[Input data]
★ ★ ★ ★
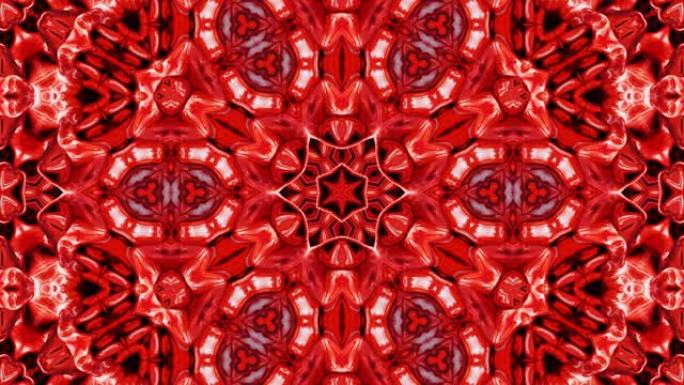 3D时尚循环抽象bg。液体红色对称图案，如万花筒，带波。明亮的液体玻璃波浪形结构，具有美丽的渐变颜色
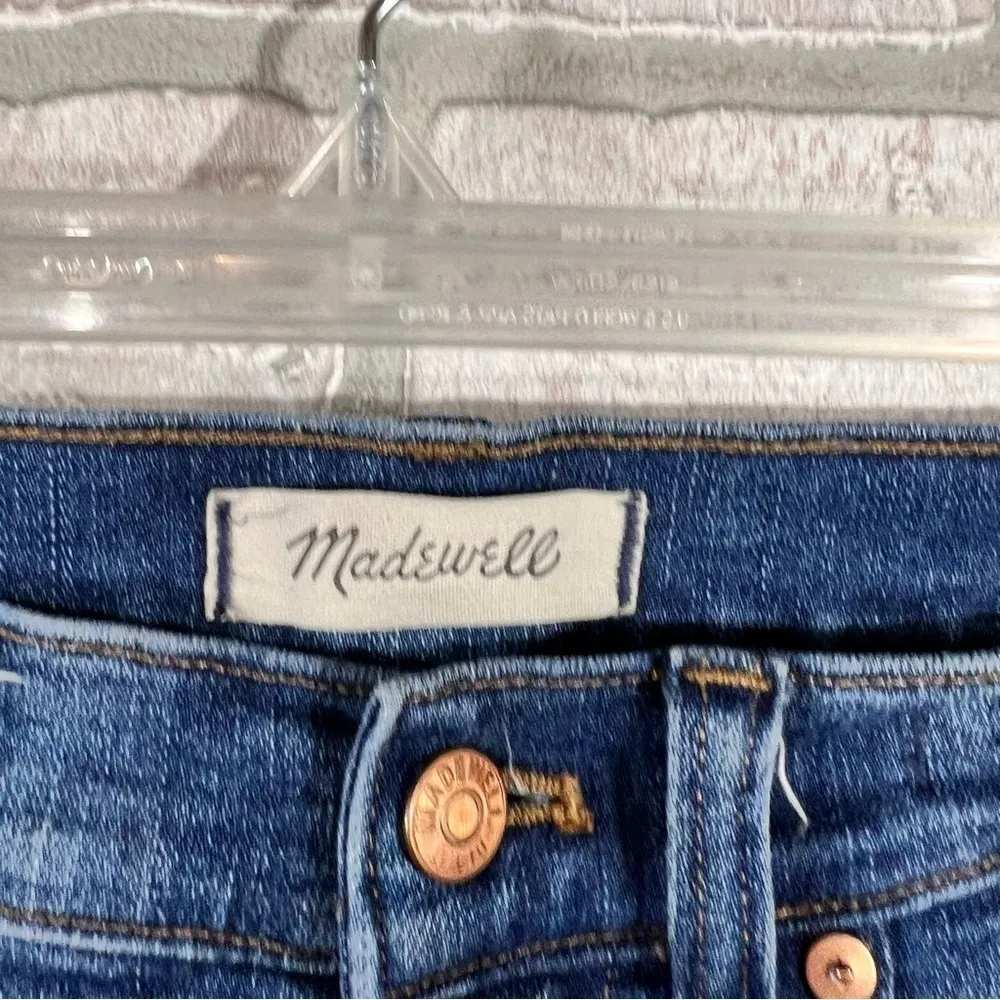 Madewell TALL 9” Midrise Skinny York Wash Rip and Repair Edition Jeans Size 28T - Image 10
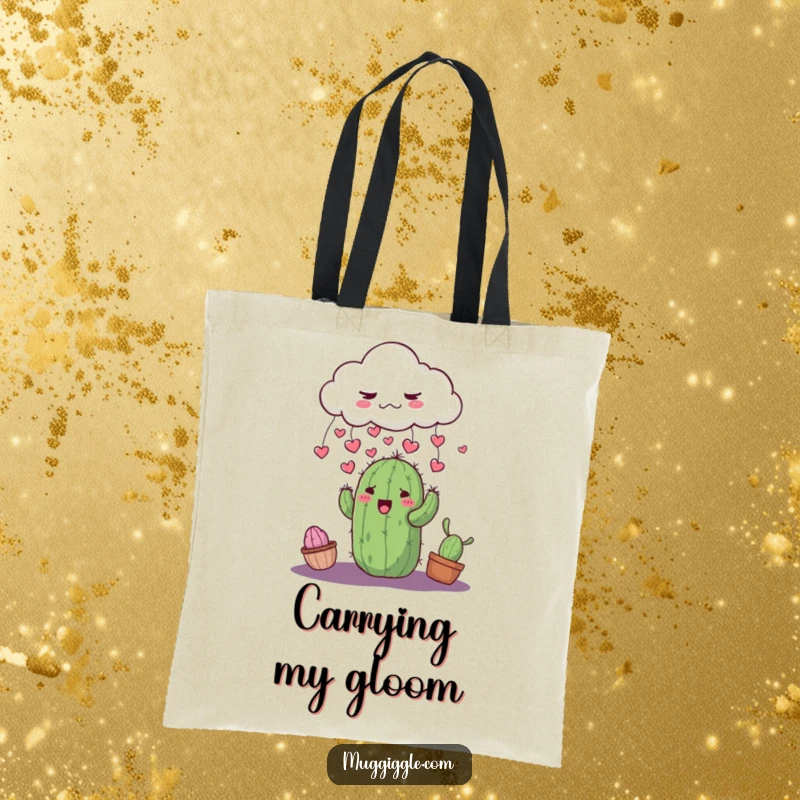 Funny grumpy cloud raining small hearts onto a surprised, smiling cactus, printed on a durable tote bag.
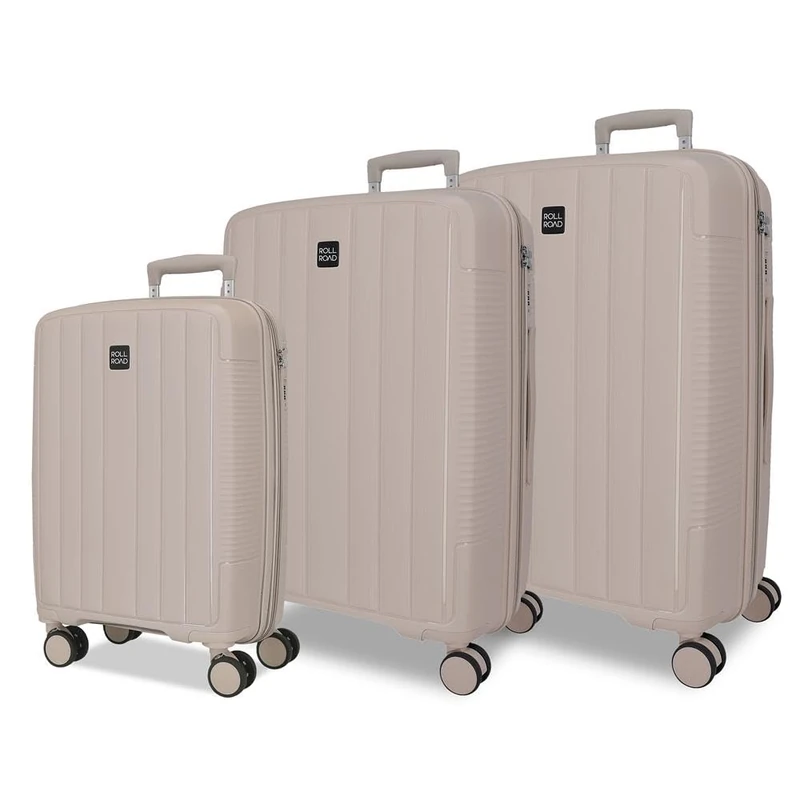 ROLL ROAD Joumma Acadia Champagne Luggage Set 55/65/75 cm Rigid Polypropylene Integrated Combination Padlock 210L 10.2kg 4 Double Wheels Extendable Hand Luggage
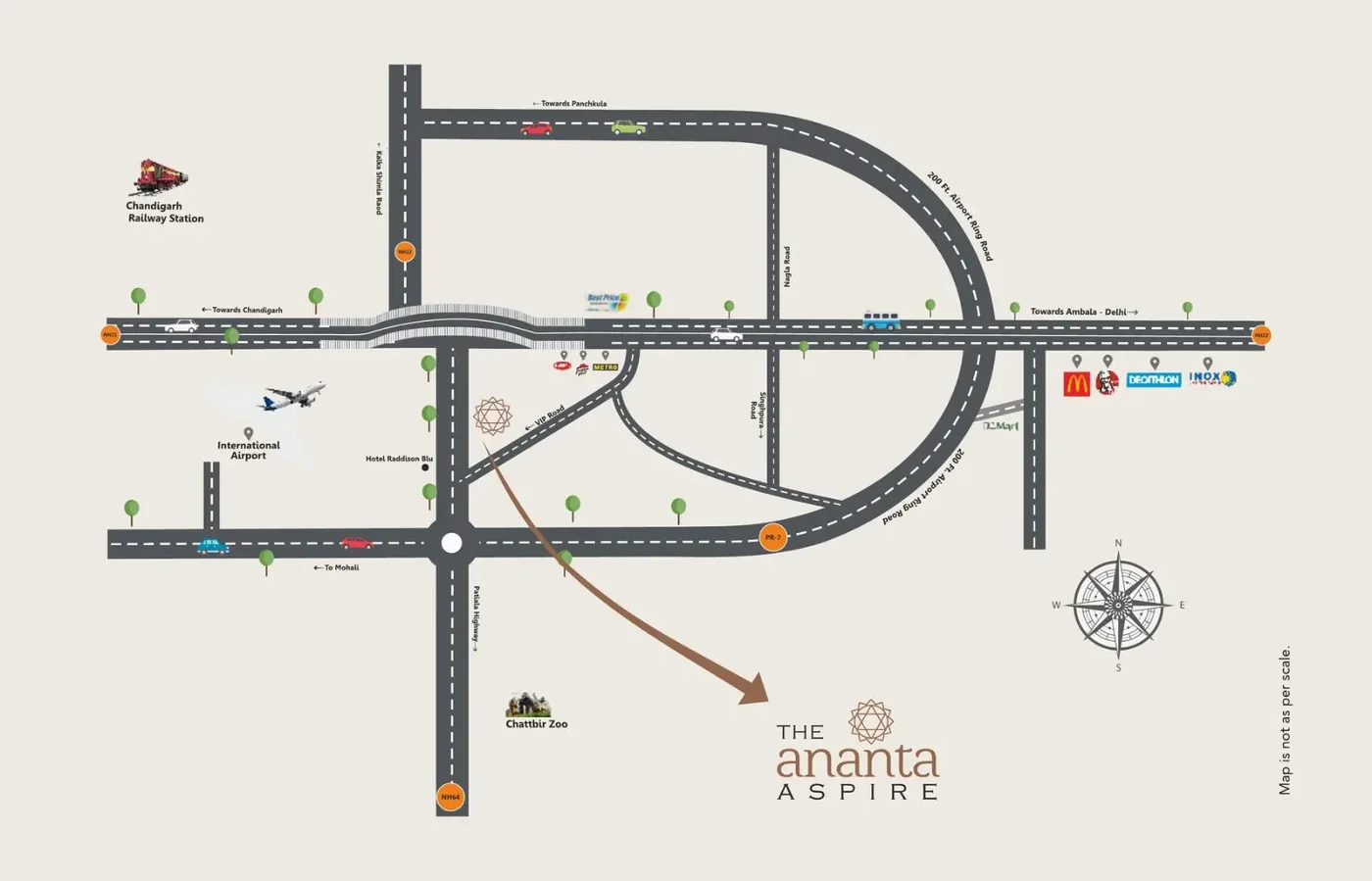 The Ananta Aspire location map, NH-7 Zirakpur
★ ★ ★ ★
[Problem]
Restate word for word the lines beginning with the one that contains "Funny grumpy cloud" and ending with the last line of the listing; pictures stay out.

[Task output]
 Funny grumpy cloud raining small hearts onto a surprised, smiling cactus, printed on a durable tote bag.
 ROLL ROAD Joumma Acadia Champagne Luggage Set 55/65/75 cm Rigid Polypropylene Integrated Combination Padlock 210L 10.2kg 4 Double Wheels Extendable Hand Luggage
 The Ananta Aspire location map, NH-7 Zirakpur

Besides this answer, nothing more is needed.